The Mudcat Café TM
Thread #140184   Message #3221158
Posted By: Jim Carroll
10-Sep-11 - 11:53 AM
Thread Name: 100 sings that changed history?
Subject: RE: 100 sings that changed history?
"Lilliburlero had a very strong political impact"
Some of the information I gathered for a talk on Song and History" on the song which is said to have "sung a king out of three nations".
Jim Carroll

According to legend this tune first appears in 1641 in Ulster. Richard Talbot (1630-1691), a Catholic and royalist, had been made Earl of Tyrconnel after the Restoration and King James II later appointed him Lord Lieutenant of Ireland (1686). He pursued strong pro-Catholic policies. Even after James was deposed in England Tyrconnel governed Ireland in James' name. Irish Catholic forces were eventually defeated by William. English and Irish Protestants took up the song as their melody during that time.
According to one source the words "lillibulero" and "bullen al-a" were used as a rallying cry for the Irish to recognize one another in the uprising in 1641. Later (1687) Thomas, Lord Wharton (1640-1715), wrote a set of satirical verses titled Lillibolero regarding the Irish problems and set them to a melody arranged by Henry Purcell in 1678. Purcell's arrangement was based on an older tune under the name Quickstep which appeared in Robert Carr's Delightful Companion (1686). It became popular immediately. After the Stuarts were deposed, Lord Wharton, a strong supporter of William III, boasted that he had "rhymed James out of three kingdoms" with his tune.*
However, Irish writer Brendan Behan claimed the words of the chorus were a corruption of the Gaelic: "An lili ba leir e, ba linn an la" - roughly "The lily won the day for us."** A forum post at Digital Tradition reveals that according to Sources of Irish Traditional Music (1998) it translates as: Lilli/ bu le'ir o/, bu linn an la/ - Lilli will be manifest, the day will be ours. William Lilly (1602-1681) was a famous astrologer who made predictions regarding British politics of the time. One prediction was the Prophecy of the White King (made in 1644 after Marston Moor), which predicted a King would be beheaded or killed. Lilly wrote a letter to Charles I warning him of the prophecy Anther theory, from Songs That Made History by H. E. Piggot, states the refrain came from a popular Irish song when James II (a Roman Catholic) came to the throne which had the Irish words, "Lere, lere, burlere." Lere meant religion or faith and burlere meant your faith. Piggot says a form of the tune was printed in 1661 in An Antidote against Melancholy which was set to words beginning There was an old man of Waltham Cross.

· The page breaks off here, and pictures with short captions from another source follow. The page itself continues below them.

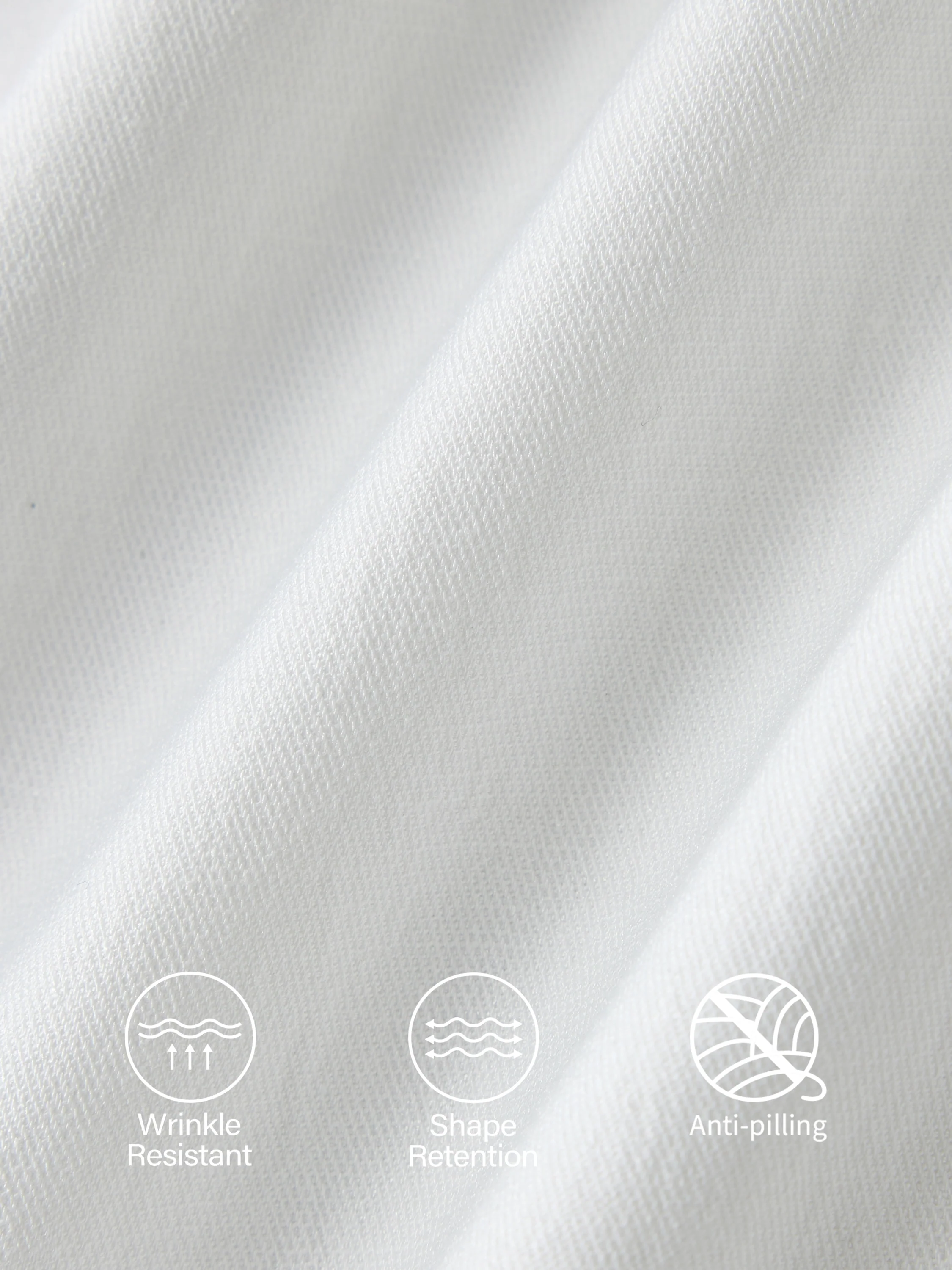 Not-See-Thru Linen-Like A-Line Shorts - Image 10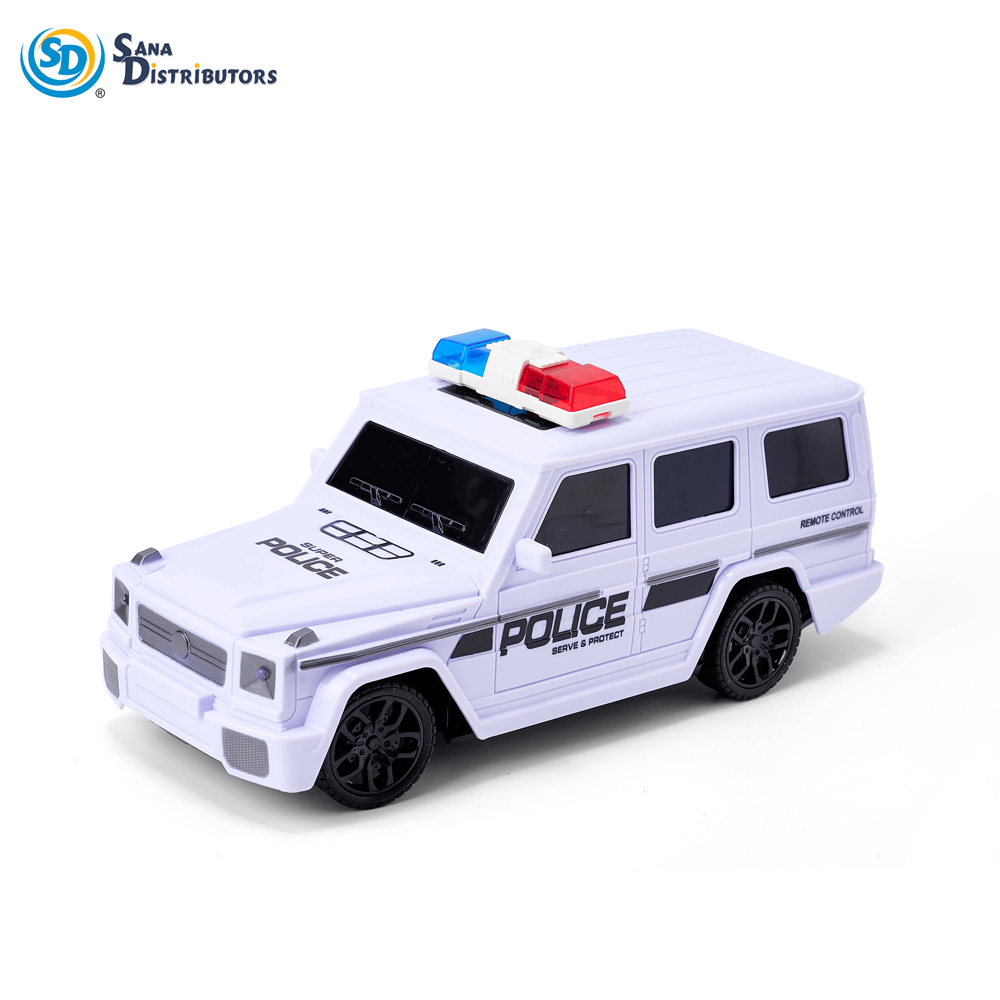 Police G-wagon R/c 6"x5"x14"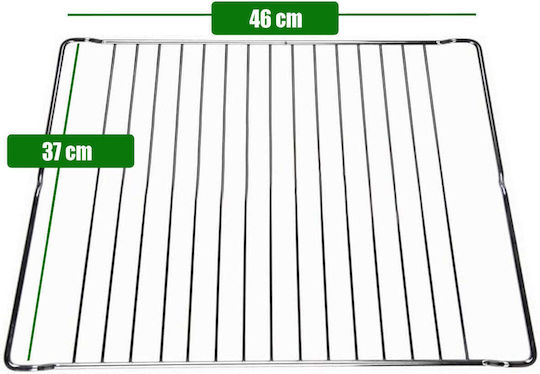 Ofenteile & Zubehör Raster Herstellerkompatibilität Teka Elco 46*37cm
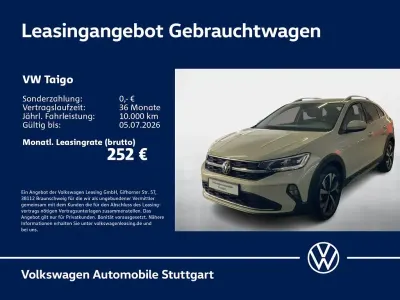 Gebraucht VW Taigo Style 110 PS (80 kW) 2022 SUV
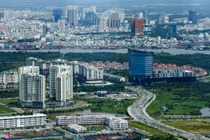 Sau 5 năm, giá dãy nhà phố ở Thủ Thiêm tăng vọt 50 tỷ đồng/căn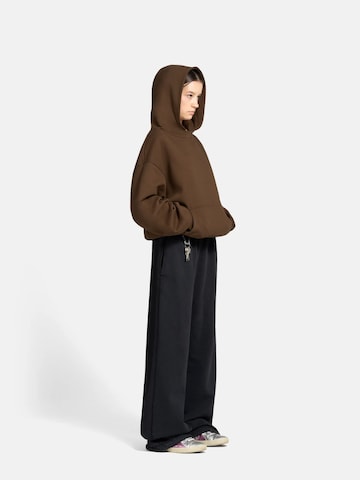 ENRAGE Sweatshirt 'THE BLANC' in Brown
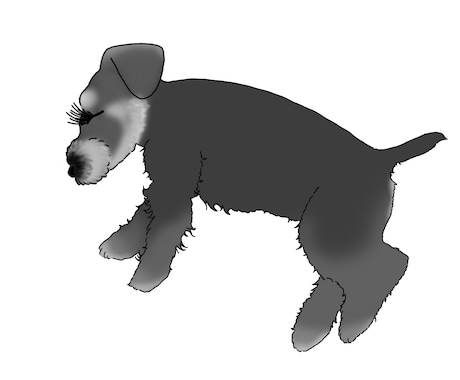 動物などをダークやポップにイラストにしています イメージ1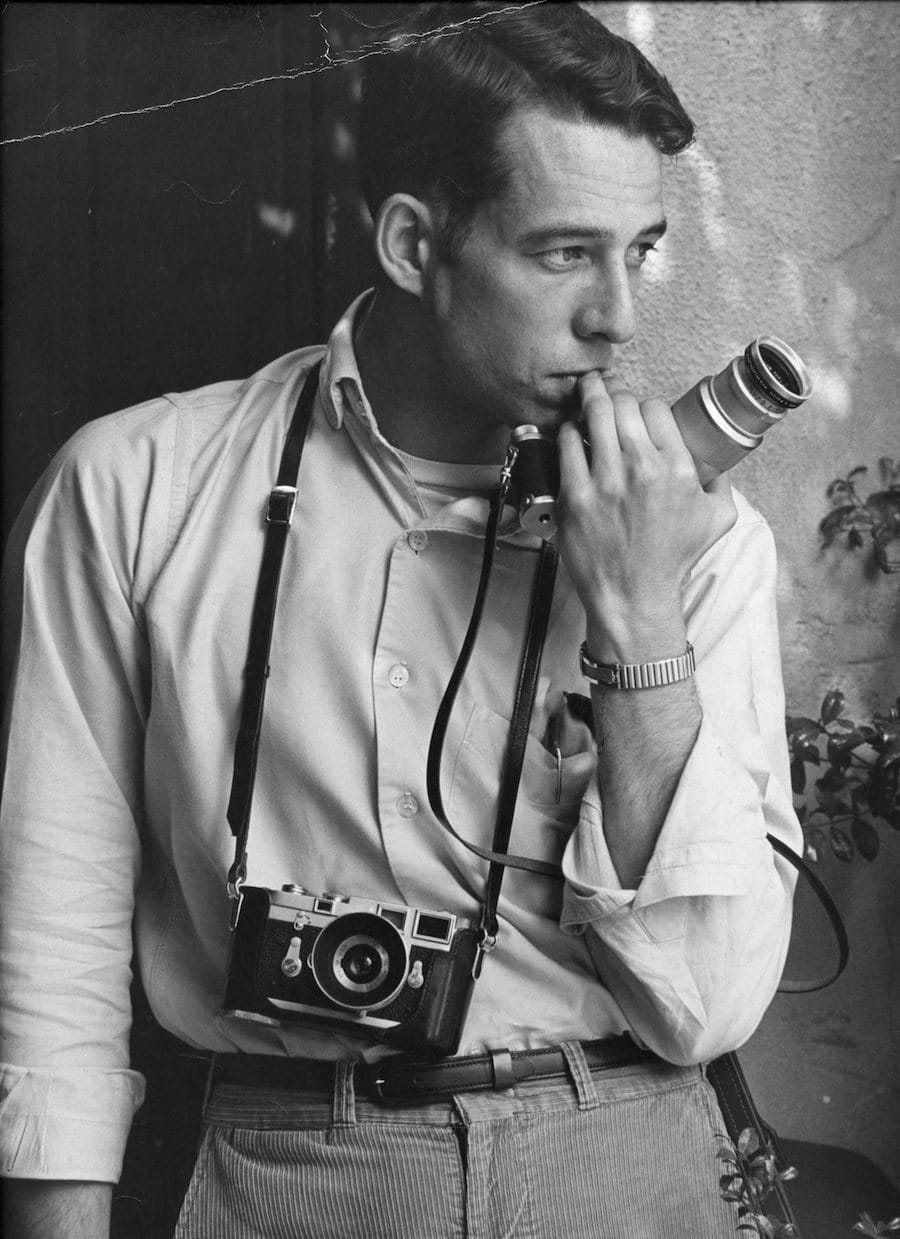 Al Clayton, circa 1961. Photo courtesy Al Clayton Photography, LLC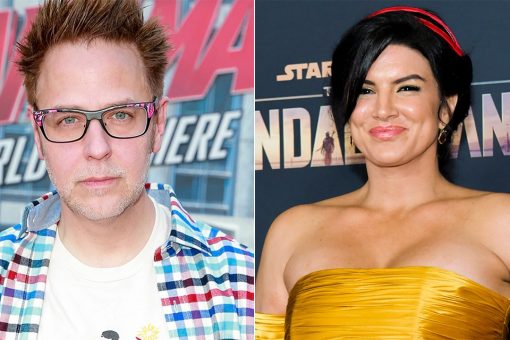 James Gunn likes tweet bashing Gina Carano after Disney fires ‘Mandalorian’ actress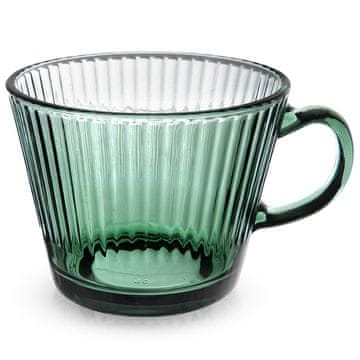 Orion Čaša za kavu i čaj Green VERDE 420 ml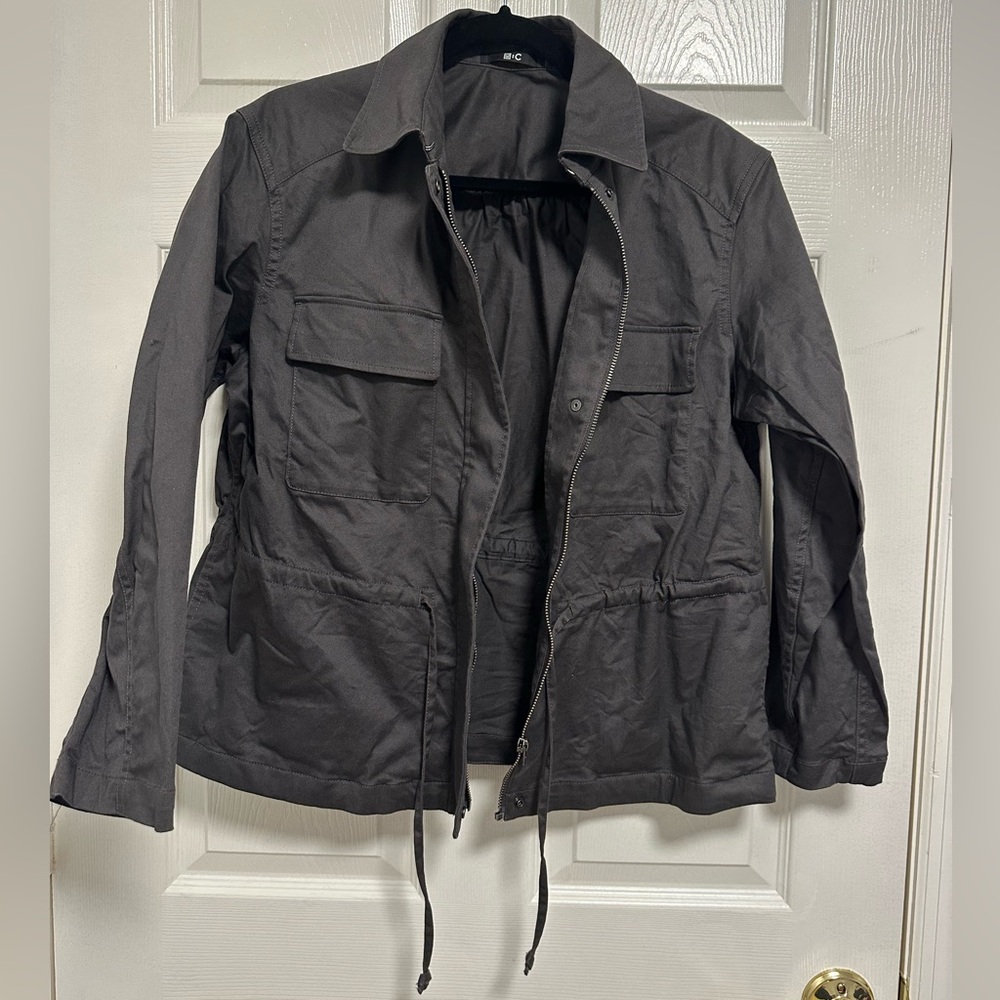 Uniqlo Size L Gray Jacket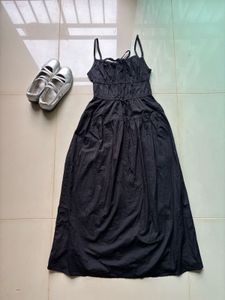 Black Midi Dress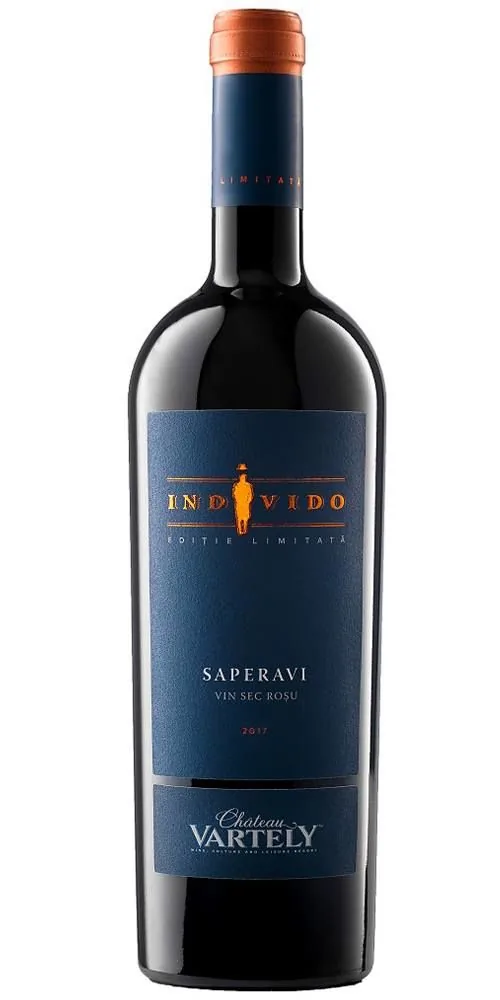 Вино Саперави Château Vartely Individo,  0.75 L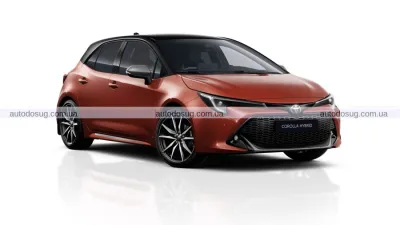Toyota представила оновлену модель Corolla 2025 року для європейського ринку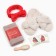 Set Gift Ethel Holidys: a towel 30x60 cm and ACC. (4 subjects)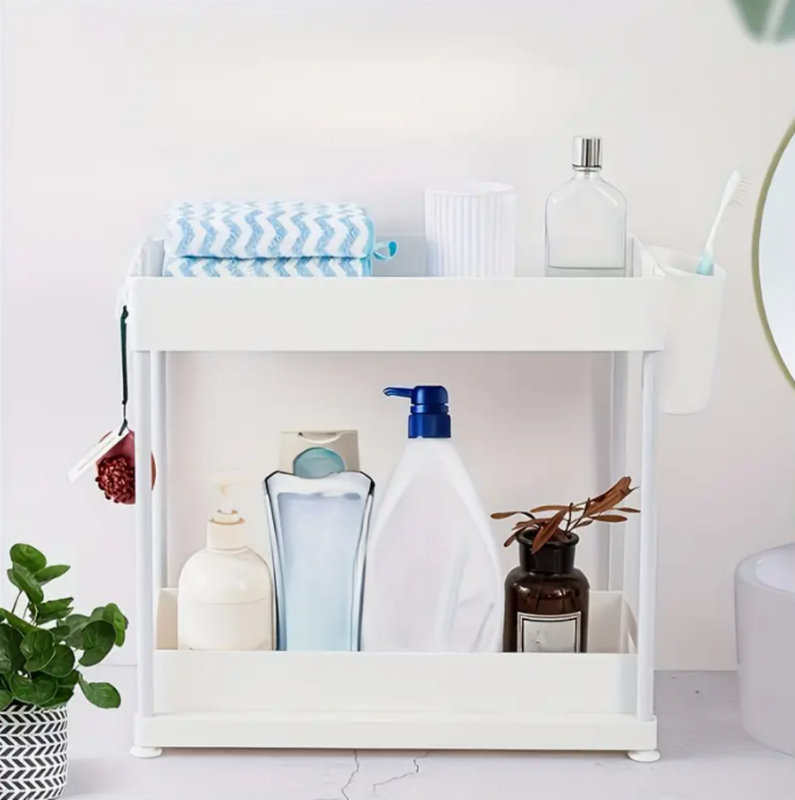 Sink Shelf,1pack, White, White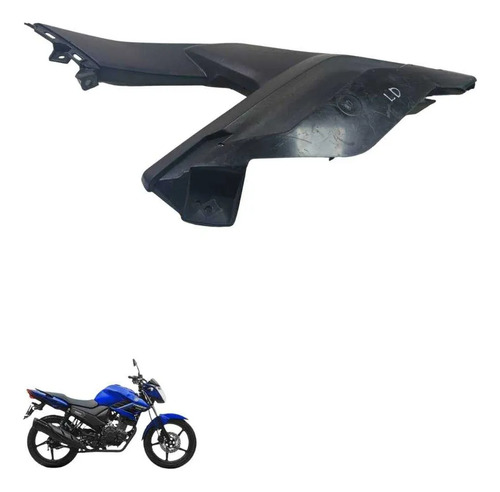 Tampa Lateral Direita Yamaha Fazer 150 2023 7192 2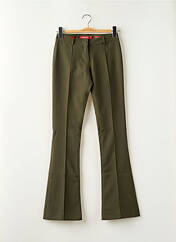 Pantalon flare vert MISS SIXTY pour femme seconde vue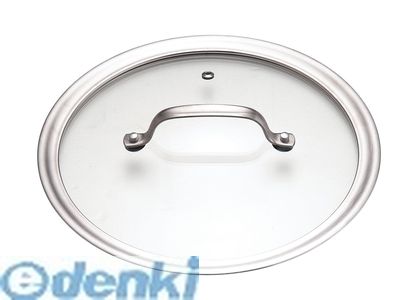 ANB3904 TKG IHセレクト 2層クラッド鍋用 ガラス蓋 22cm TKGコーポレーション
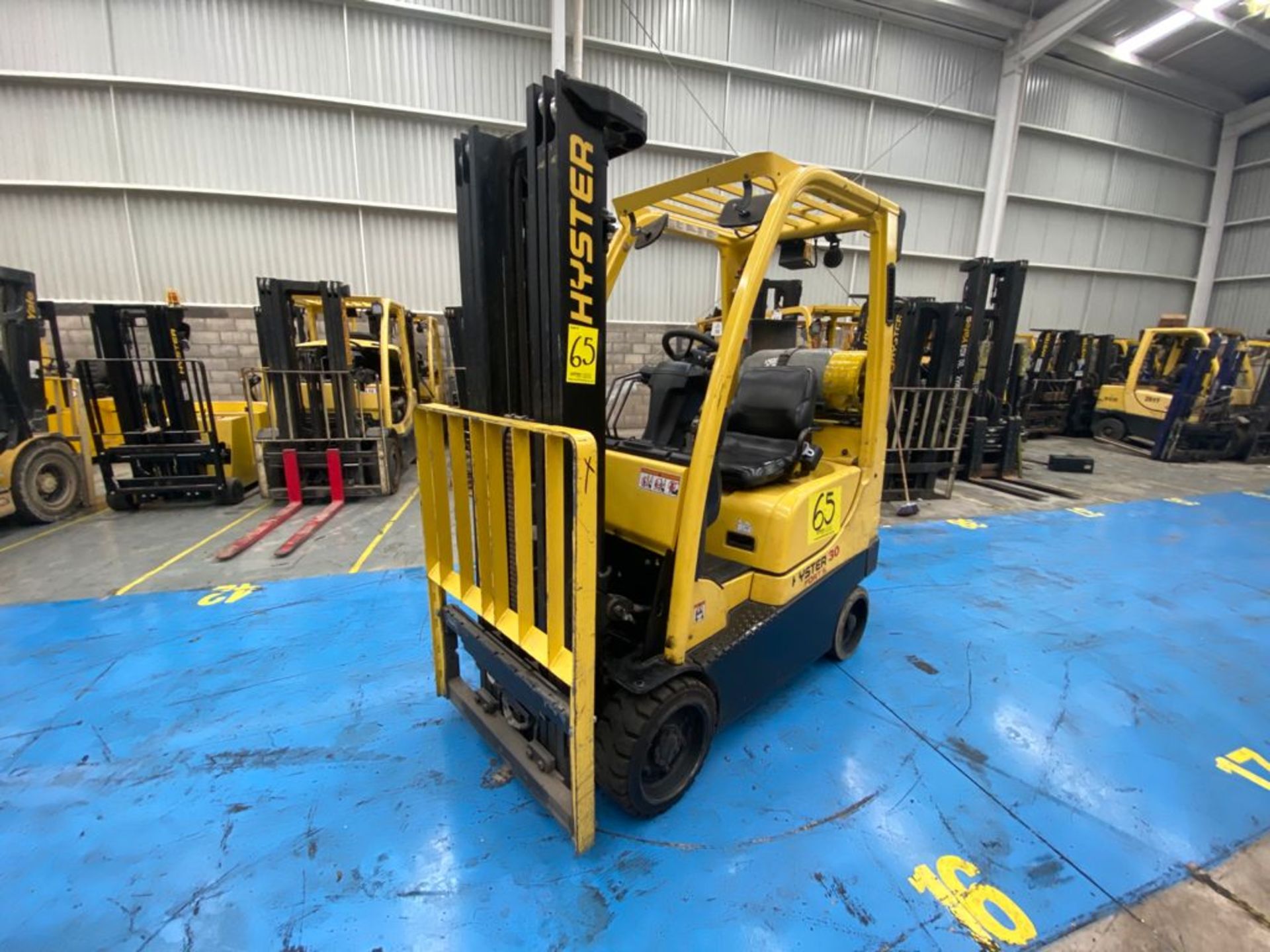 Hyster Forklift, Model S30FT, S/N F010V02472R, Year 2017, 2750 lb capacity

Wharton never publicly supported the Stuarts. As a member of the House of Commons Wharton supported the bill to bar James from the succession because of his Catholicism. When William won the war, Wharton was given prominent posts. There is speculation that Wharton referred to the Lilly prophecy, and used the Gaelic words to disguise them because when he wrote the words the Stuarts were still in power.
John Gay used the tune in The Beggar's Opera. It was the British Broadcasting Corporation's signature theme during World War II.
"Brother Teague" was then the nickname of the Irishmen (as "John Bull" would later be for Englishmen).